# Mark Antony 2200 esq tube amp



## nathanz (May 6, 2010)

Anyone out there actually own one or listened to one? Can you offer your opinion?

I have one running a pair of Dynaudio 6.5 separates (from the early decade) and I think it sounds great. It's been so long since I have heard anything else in the car (90 300zTT) that I have no reference.

So what is the word on this amp? Mine is in excellent condition with less than 100 hours on it. I have heard the tubes will need to be replaced at some point so I am considering selling it before that needs to happen. Now you know, my next question would be - what is it worth?

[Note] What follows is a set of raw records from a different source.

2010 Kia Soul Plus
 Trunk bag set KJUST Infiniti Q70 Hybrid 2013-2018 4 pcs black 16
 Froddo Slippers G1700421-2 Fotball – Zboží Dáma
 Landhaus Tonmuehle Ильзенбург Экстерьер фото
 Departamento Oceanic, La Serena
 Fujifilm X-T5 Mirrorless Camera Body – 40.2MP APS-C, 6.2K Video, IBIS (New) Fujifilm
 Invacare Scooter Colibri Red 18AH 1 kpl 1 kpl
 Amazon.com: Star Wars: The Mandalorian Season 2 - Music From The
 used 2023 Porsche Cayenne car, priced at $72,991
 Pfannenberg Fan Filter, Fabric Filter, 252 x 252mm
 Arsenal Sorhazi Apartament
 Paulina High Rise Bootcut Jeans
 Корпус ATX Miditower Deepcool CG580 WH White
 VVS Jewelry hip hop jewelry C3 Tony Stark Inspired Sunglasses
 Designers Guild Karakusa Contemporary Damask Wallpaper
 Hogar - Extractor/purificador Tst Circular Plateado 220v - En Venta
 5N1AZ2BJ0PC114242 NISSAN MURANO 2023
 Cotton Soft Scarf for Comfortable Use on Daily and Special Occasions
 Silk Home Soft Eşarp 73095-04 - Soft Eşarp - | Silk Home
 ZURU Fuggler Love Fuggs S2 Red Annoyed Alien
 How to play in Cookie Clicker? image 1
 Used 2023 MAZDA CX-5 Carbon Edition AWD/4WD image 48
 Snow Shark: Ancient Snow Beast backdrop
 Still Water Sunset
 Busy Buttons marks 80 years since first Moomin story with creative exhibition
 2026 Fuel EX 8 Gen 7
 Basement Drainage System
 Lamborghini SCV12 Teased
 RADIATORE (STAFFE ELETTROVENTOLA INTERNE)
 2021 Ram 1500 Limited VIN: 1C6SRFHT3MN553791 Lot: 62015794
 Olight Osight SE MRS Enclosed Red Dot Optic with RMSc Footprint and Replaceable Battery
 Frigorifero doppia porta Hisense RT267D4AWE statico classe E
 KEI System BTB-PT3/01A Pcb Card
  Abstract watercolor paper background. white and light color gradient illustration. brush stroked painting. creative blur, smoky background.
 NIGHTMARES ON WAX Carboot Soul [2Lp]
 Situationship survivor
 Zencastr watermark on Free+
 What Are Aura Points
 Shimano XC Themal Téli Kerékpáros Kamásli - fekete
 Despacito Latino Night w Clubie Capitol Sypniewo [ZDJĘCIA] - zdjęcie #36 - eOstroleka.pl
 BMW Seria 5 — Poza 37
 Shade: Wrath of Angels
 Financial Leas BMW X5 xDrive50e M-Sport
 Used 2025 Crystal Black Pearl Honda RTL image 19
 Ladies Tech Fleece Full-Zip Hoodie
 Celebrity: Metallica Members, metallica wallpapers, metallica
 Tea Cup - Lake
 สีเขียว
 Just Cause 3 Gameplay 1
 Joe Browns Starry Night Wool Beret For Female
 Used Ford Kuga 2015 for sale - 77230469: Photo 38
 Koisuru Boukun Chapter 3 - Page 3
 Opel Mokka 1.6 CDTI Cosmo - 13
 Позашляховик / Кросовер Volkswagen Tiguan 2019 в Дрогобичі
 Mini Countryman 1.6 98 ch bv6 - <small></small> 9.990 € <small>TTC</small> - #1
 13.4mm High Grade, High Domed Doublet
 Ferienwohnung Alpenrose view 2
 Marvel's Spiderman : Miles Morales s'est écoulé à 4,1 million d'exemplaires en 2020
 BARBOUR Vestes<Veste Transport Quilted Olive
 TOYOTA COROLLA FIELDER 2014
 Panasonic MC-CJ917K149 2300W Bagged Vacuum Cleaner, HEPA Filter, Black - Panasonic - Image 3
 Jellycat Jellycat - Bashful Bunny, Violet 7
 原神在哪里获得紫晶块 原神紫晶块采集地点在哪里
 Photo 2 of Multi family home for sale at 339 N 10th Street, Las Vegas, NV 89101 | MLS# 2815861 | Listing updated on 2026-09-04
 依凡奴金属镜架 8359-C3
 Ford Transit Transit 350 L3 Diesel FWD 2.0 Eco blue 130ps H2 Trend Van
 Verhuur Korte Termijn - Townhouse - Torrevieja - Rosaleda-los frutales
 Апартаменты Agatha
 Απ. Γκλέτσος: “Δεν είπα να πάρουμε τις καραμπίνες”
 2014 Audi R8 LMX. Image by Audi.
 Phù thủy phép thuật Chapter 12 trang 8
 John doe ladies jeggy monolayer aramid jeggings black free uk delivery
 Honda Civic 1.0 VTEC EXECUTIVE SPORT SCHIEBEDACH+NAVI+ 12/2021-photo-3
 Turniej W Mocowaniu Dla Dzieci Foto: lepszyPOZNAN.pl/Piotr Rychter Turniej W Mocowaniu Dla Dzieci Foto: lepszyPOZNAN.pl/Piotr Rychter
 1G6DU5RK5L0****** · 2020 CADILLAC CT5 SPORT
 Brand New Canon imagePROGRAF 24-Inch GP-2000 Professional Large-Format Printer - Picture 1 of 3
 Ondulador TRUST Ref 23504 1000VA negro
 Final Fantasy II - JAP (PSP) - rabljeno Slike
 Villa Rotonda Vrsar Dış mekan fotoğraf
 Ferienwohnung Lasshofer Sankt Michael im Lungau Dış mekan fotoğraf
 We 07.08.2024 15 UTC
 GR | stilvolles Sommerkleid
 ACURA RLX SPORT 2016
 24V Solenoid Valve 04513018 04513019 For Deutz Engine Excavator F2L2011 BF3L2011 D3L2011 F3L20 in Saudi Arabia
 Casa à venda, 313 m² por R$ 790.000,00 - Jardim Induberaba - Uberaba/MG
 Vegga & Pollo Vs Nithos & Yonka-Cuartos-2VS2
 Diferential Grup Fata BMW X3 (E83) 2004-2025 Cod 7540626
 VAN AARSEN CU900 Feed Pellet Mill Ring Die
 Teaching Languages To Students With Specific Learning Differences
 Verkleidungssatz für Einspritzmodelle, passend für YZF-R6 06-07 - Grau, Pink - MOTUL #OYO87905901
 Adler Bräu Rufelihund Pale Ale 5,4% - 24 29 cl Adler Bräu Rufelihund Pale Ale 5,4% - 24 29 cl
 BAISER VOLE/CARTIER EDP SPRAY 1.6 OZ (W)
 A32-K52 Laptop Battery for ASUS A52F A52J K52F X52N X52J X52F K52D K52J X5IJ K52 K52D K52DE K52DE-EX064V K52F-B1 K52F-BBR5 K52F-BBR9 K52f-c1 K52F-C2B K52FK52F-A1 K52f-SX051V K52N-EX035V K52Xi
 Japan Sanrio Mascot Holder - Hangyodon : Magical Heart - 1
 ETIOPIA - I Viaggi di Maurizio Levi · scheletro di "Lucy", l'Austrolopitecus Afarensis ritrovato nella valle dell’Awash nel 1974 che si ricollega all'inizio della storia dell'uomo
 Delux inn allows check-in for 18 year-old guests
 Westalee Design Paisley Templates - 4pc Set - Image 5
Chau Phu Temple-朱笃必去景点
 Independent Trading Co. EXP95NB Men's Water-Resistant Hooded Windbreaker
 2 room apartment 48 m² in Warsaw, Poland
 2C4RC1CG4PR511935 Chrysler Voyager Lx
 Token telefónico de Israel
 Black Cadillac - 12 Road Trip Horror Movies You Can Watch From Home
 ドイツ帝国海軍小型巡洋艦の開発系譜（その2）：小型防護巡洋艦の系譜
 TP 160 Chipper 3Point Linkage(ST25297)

This is my first post here and so far after doing some extensive reading, this is a great site. I have been listening and installing since '90 and it is great to see so many passionate people online here. Thanks!


----------



## twocupsofbutter (Apr 20, 2009)

I would love to know this as well


----------



## athm3x (Jan 24, 2010)

Why not post some pictures including internals. It might help give us some idea of who made it and what it could be worth. This is another one of those companies (like Live Wire in another thread) that has products but no internet presence. Strange...


----------



## GlasSman (Nov 14, 2006)

There might be some pics on Amp Guts....I'll check.


----------



## nathanz (May 6, 2010)

GlasSman said:


> There might be some pics on Amp Guts....I'll check.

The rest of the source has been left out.